Parfois, l’impact vient de la rareté d’une chanson. Du moins, selon votre génération. L’écoute de L’Adieu du soldat, lorsque le Soldat Lebrun se pointe pour la première fois de sa vie à la télévision en 1962 est un moment d’histoire. Monique Leyrac, quant à elle, nous renverse quand elle interprète Pour cet amour, tenant sa note dans la finale sans moduler. Ça, c’était savoir chanter.
Choc de genres
Tantôt, c’est le choc des genres qui percute. Ecouter Donald Lautrec (Un jour, un jour) et les Classels (Ton amour a changé ma vie) sur le même CD que George Dor (La Manic) et Gilles Vigneault (Les gens de mon pays), ça secoue. Mais rien ne bat l’écoute en succession du « nouveau 45-Tours » de Michel Louvain (La dame en bleu) et de Je suis cool, quand Gilles Valiquette chante son succès devant un parterre d’étudiants hystériques pas nécessairement sobres.
Sauf pour la portion qui précède les années 1960, nombre d’entre nous avons ces chansons sous la main par le biais des enregistrements studios. Le fait de les entendre sous une forme familière mais différente ajoute au charme.

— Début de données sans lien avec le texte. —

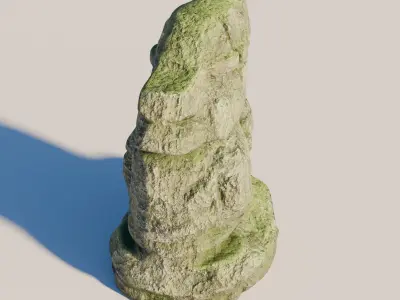 Rock 10 Low-poly 3D model
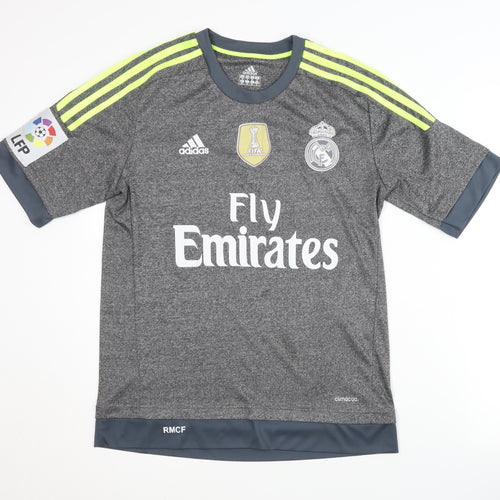 Adidas Womens Real Madrid Away Shirt Ronaldo #7 Grey Size 10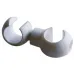 Гачок для скріплення оболонки JAGWIRE CHA093 поворотний White (4 шт)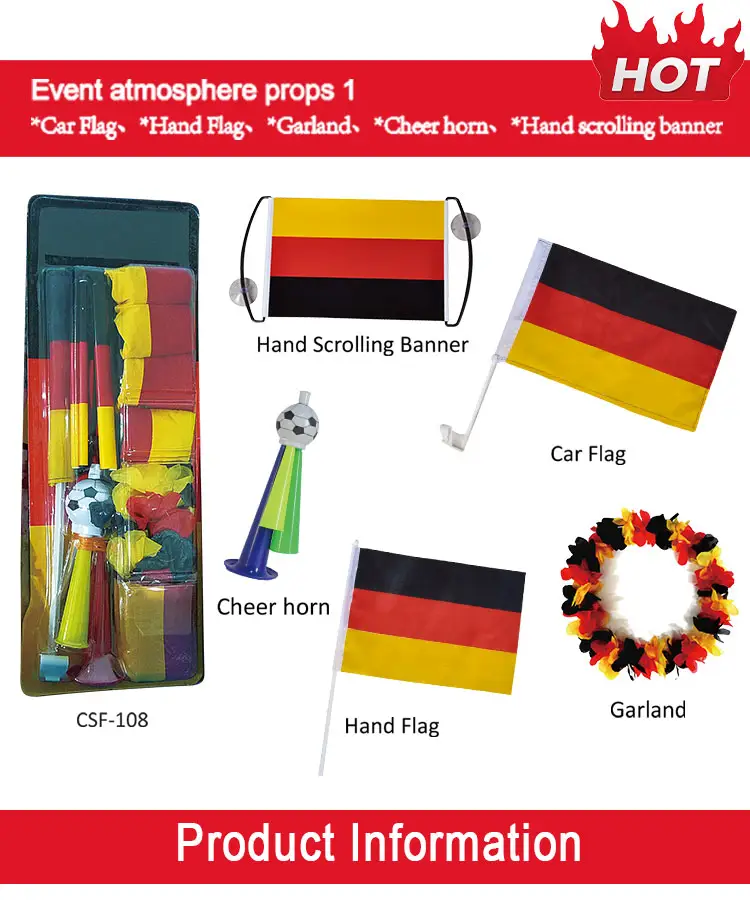 One-Stop-Fan-Kit passend, Flaggen banner, Pull-Flaggen, Hüte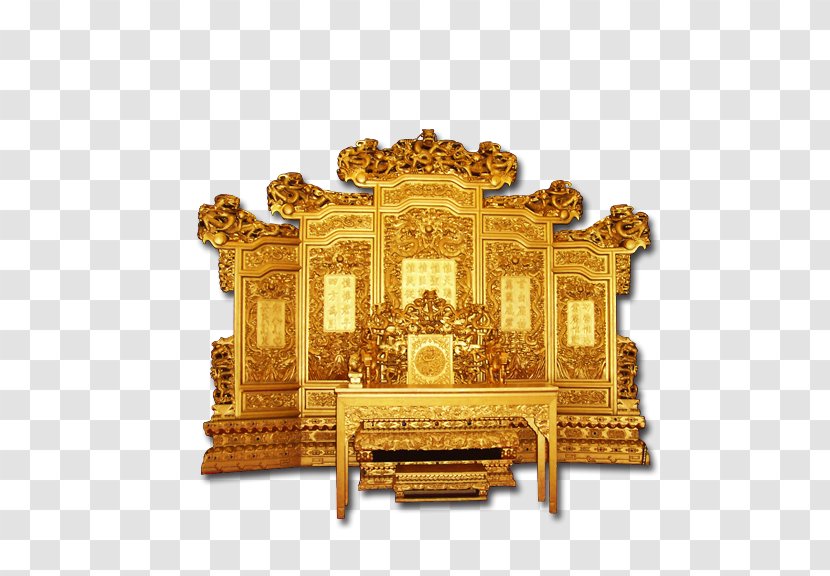 Forbidden City Emperor Of China Throne Chair Qing Dynasty Transparent PNG
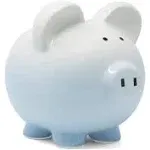 Blue Ombre Piggy Bank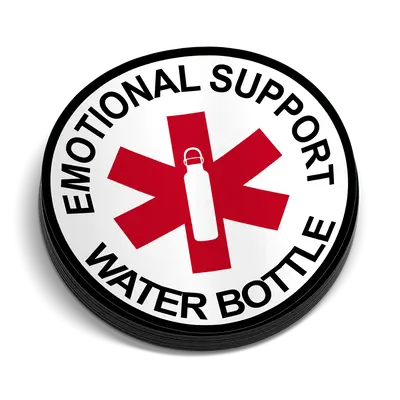 Support Water Bottle Decal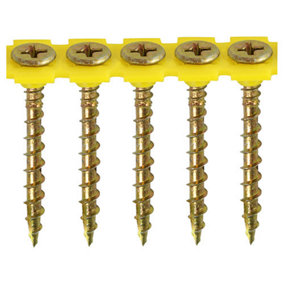 TIMCO Collated Solo Countersunk Gold Woodscrews - 4.2 x 50 (1000pcs)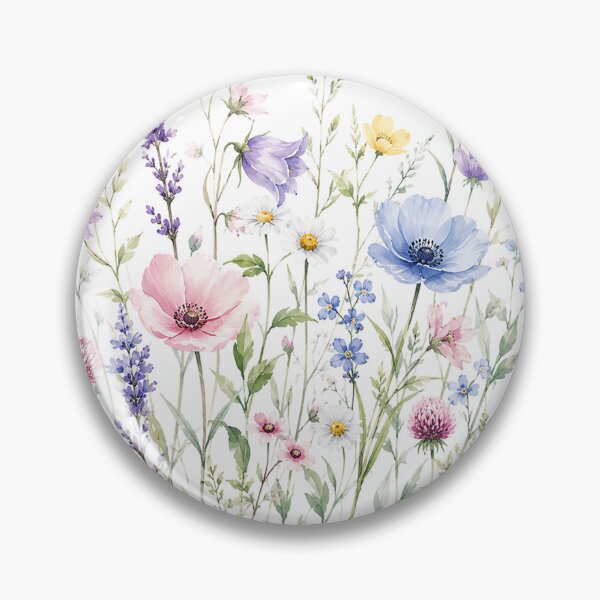 Item preview, Pastel Wildflower Meadow Watercolor designed and sold by PetalGarden.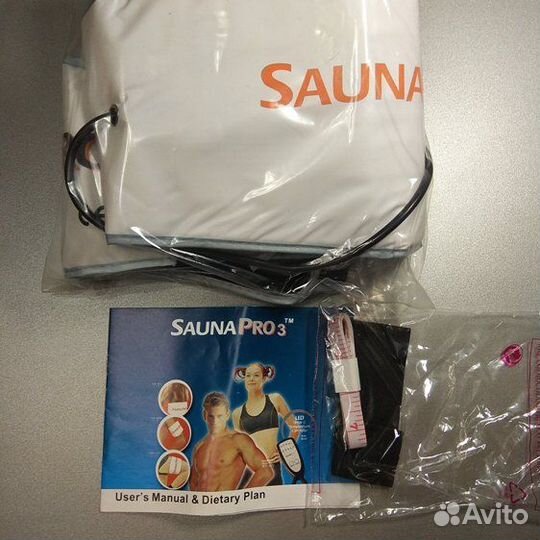 Термо Пояс для похудения сауна Sauna Pro 3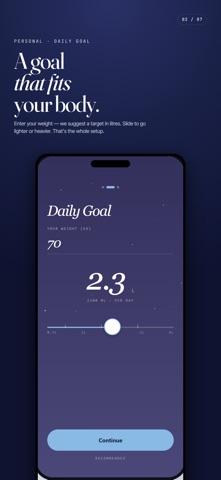 WaterReminder: Hydration Screenshot 2 of 7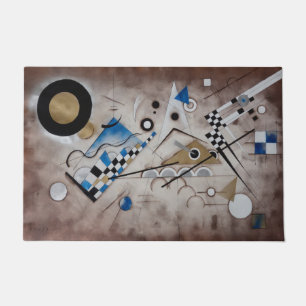 Paillasson Art moderne de la moitié du siècle abstraite de
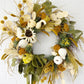 Sunflower, Eucalyptus and Pumpkin Fall Door Wreath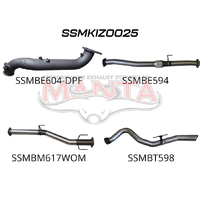 Turbo Back without Cat & Muffler (D-Max 20+)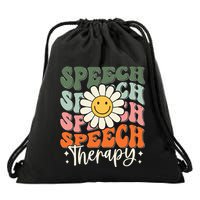 Speech Therapy Retro Speech Language Pathologist  Drawstring Bag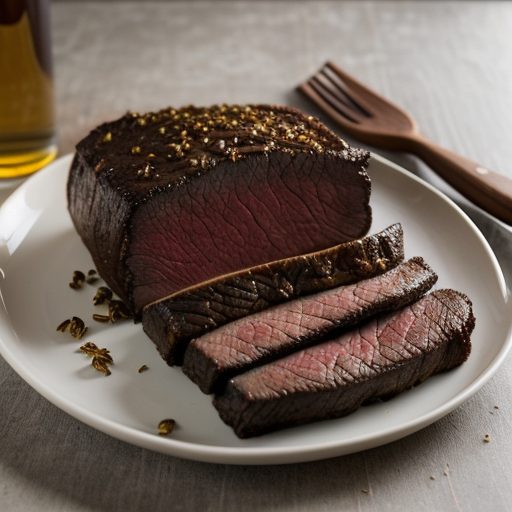 Chil-Beer Brisket of Beef Over Wild Rice Amadi recipe image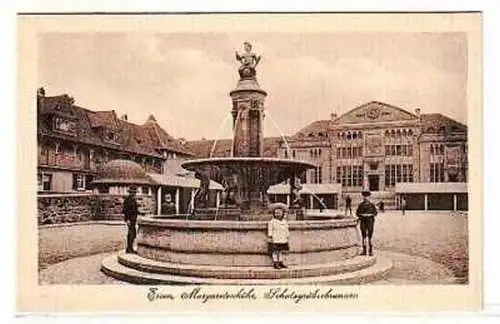 38391 Ak Essen Margaretenhöhe Schatzgräberbrunnen 1925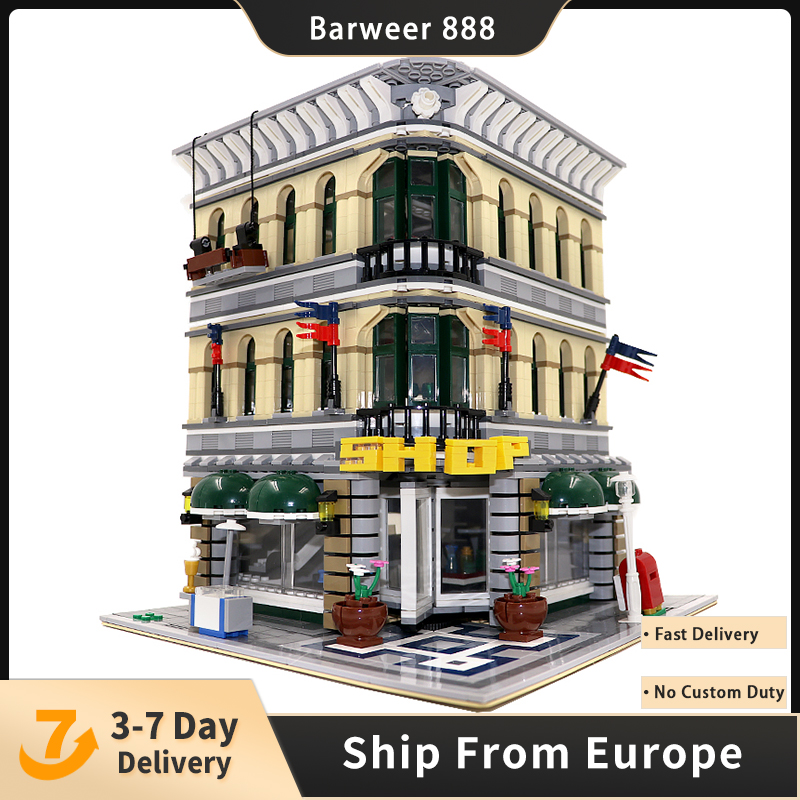 

10211 Creator Block Grand Emporium 15005 2232Pcs Street View Model Building Blocks Bricks Education Toys Christmas gifts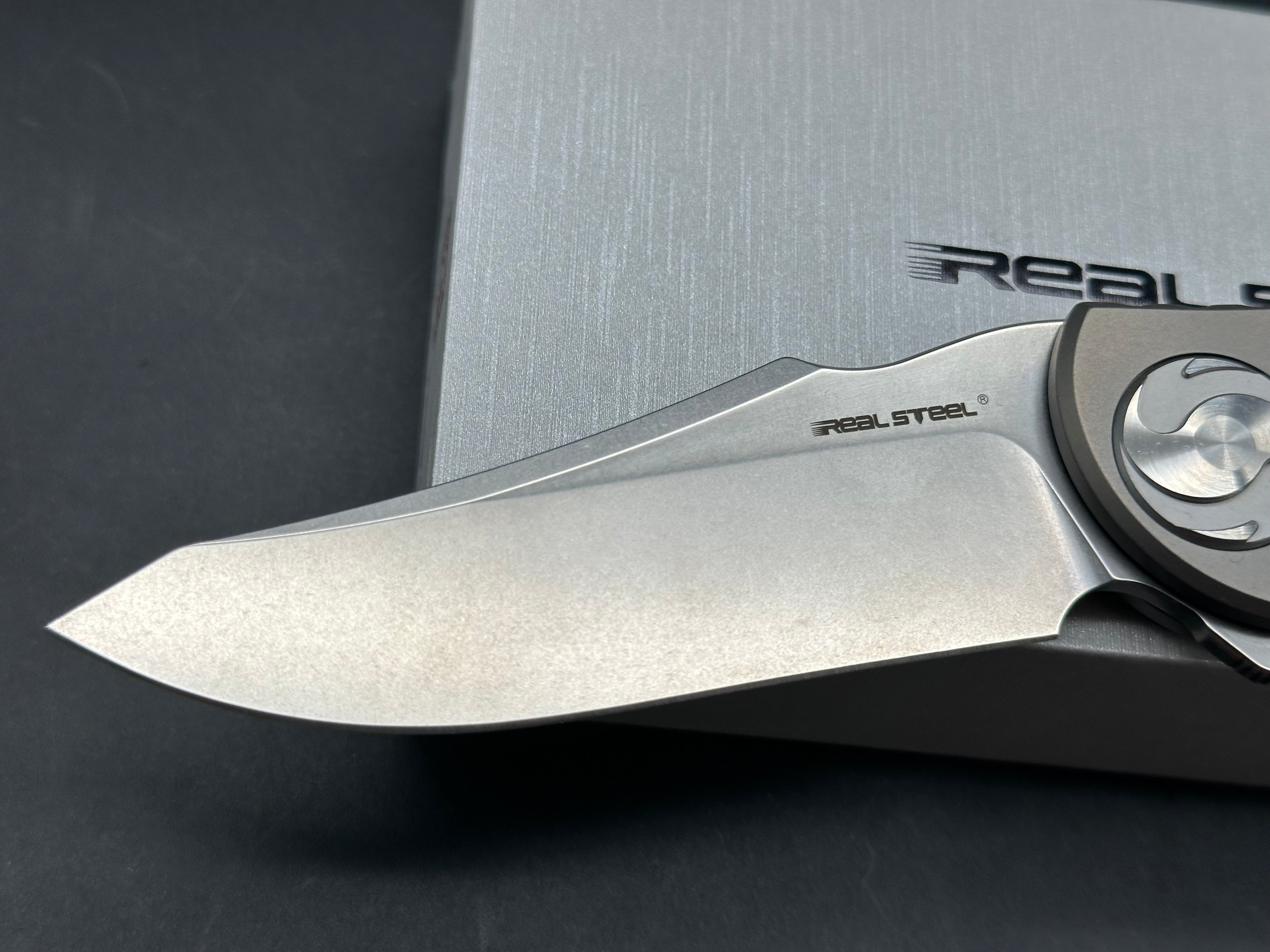 Real Steel Exorcist Fat Carbon Jungle Wear inlays S35VN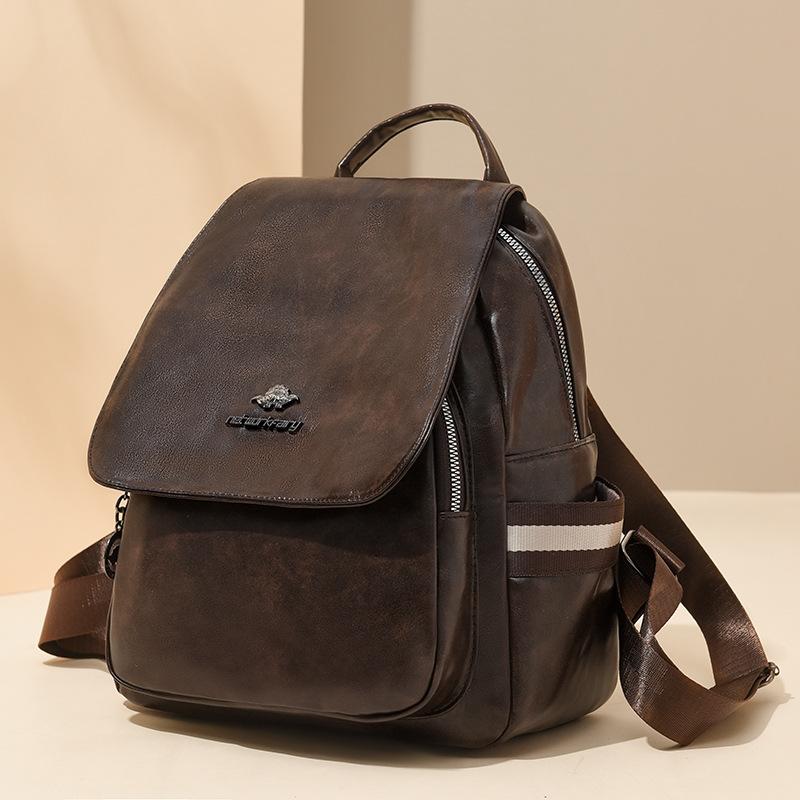 Rucksack mit großem Fassungsvermögen für den lässigen Pendelverkehr, einfacher und trendiger Rucksack, modischer Schulrucksack für Studenten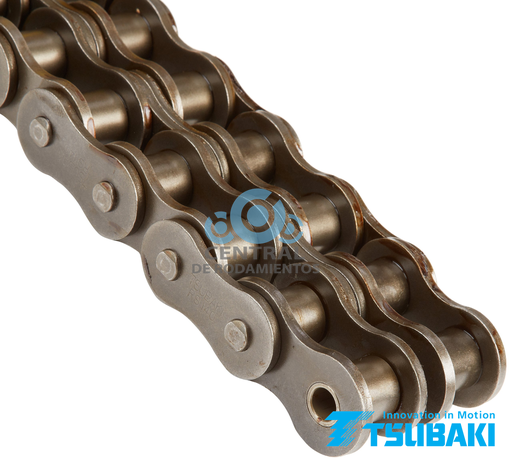 Caja de cadena de rodillos remachados, 06B-2R, Numero de cadena & paso 06B / 9.525 mm, Numero de hileras 2, Caja con 10 pies de longitud de cadena, Tsubaki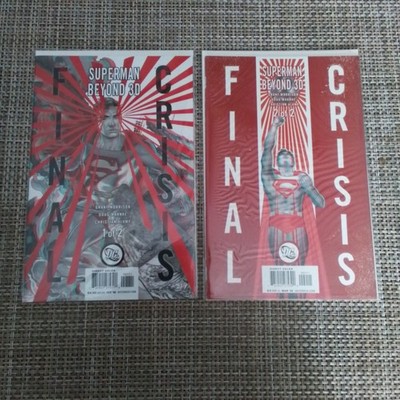 DC - Final Crisis: ''SUPERMAN BEYOND 3D'' 2pc Complete Set.  2008. UNREAD 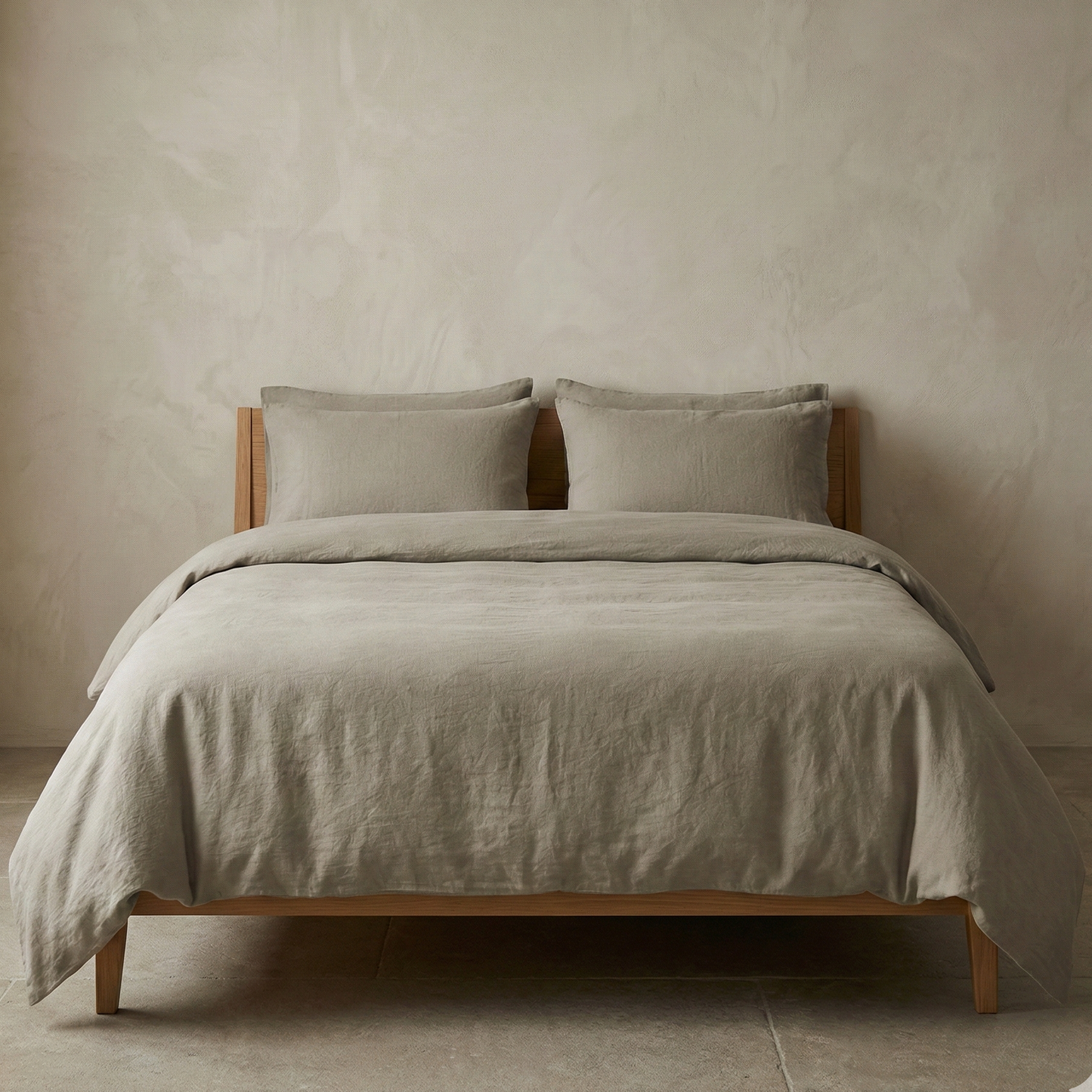 The Linen Cotton Duvet Cover — Natural Breathability-13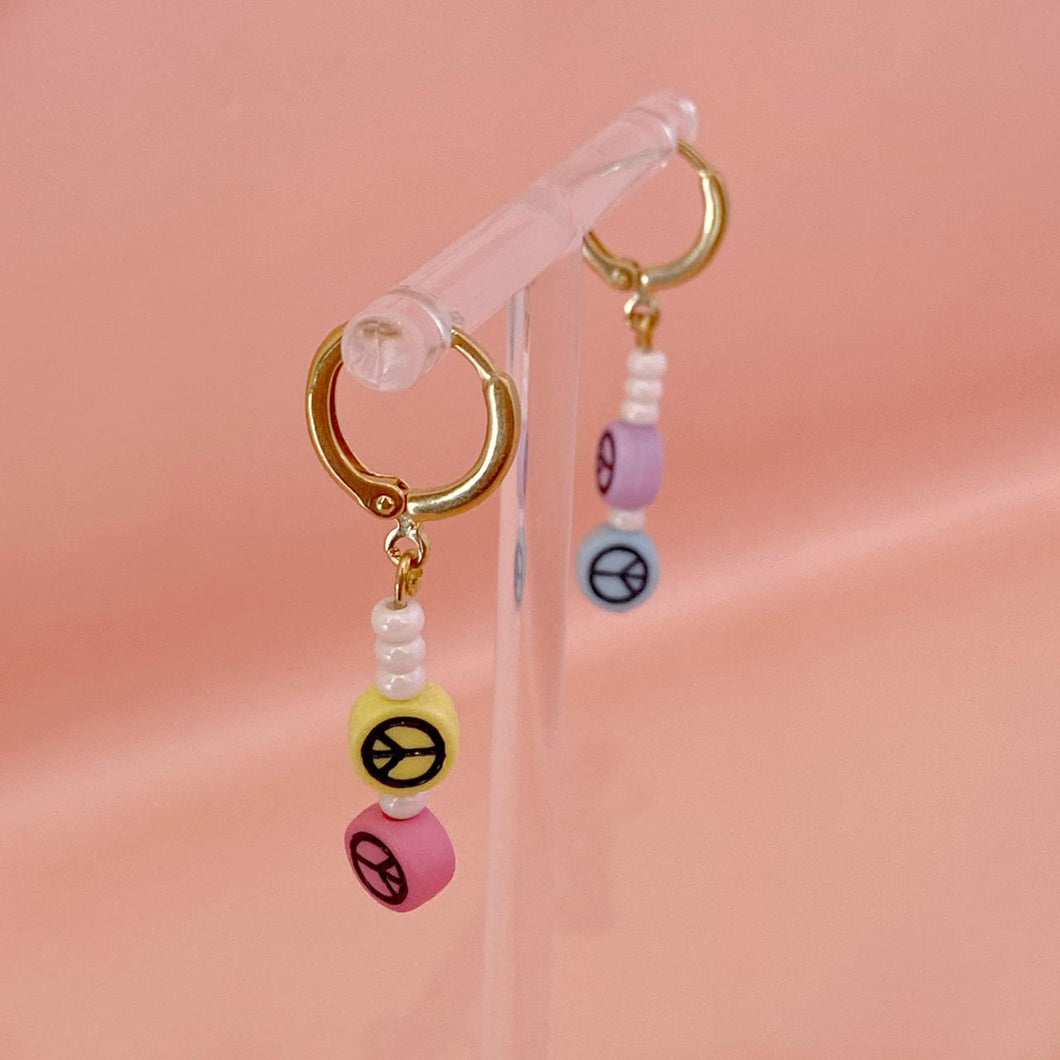 Hoops peace and love colorful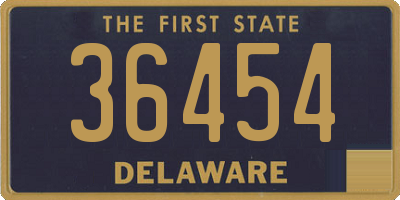 DE license plate 36454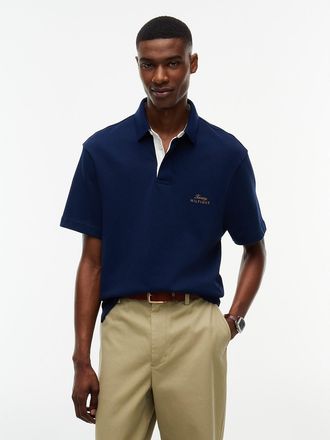 Tommy Hilfiger Mens Classic Fit Back Flag Logo Polo - Carbon Navy - XL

Nouveau souffle, ici.
Et au final, malgré la limite thématique – 75 titres, plus le titre en boni, c’est quand même peu pour trois-quarts de siècle -, il ne manque pas grand-monde à l’appel.
Ceux qui ont donné les premières lettres de noblesse (Fernand Robidoux, Félix, Raymond Lévesque), ceux et celles qui ont suivi (Pauline Julien, Louise Forestier, Claude Gauthier), les groupes des années 1970 (Beau Dommage, Offenbach, Harmonium, Octobre), les joyeux fêlés (Steve Faulkner, Jean Leloup, Daniel Boucher), les divas (Diane Dufresne, Céline Dion), les superstars (Alys Robi, Ginette Reno, Jean-Pierre Ferland, Robert Charlebois), les grandes vedettes (Richard Séguin, Richard Desjardins, Paul Piché, Marjo, Daniel Bélanger) les jeunes vedettes (Pierre Lapointe, Ariane Moffatt, Karkwa) et les petites nouvelles (Catherine Major, Cœur de Pirate) y sont tous
Oui, il manque bien deux ou trois joueurs essentiels (Michèle Richard, Plume, Les Cowboys fringants), mais ils seront peut-être inclus dans le coffret digital/astral/interplanétaire du 100è anniversaire, en 2036. D’ici là, on va écouter celui du 75e anniversaire très, très souvent.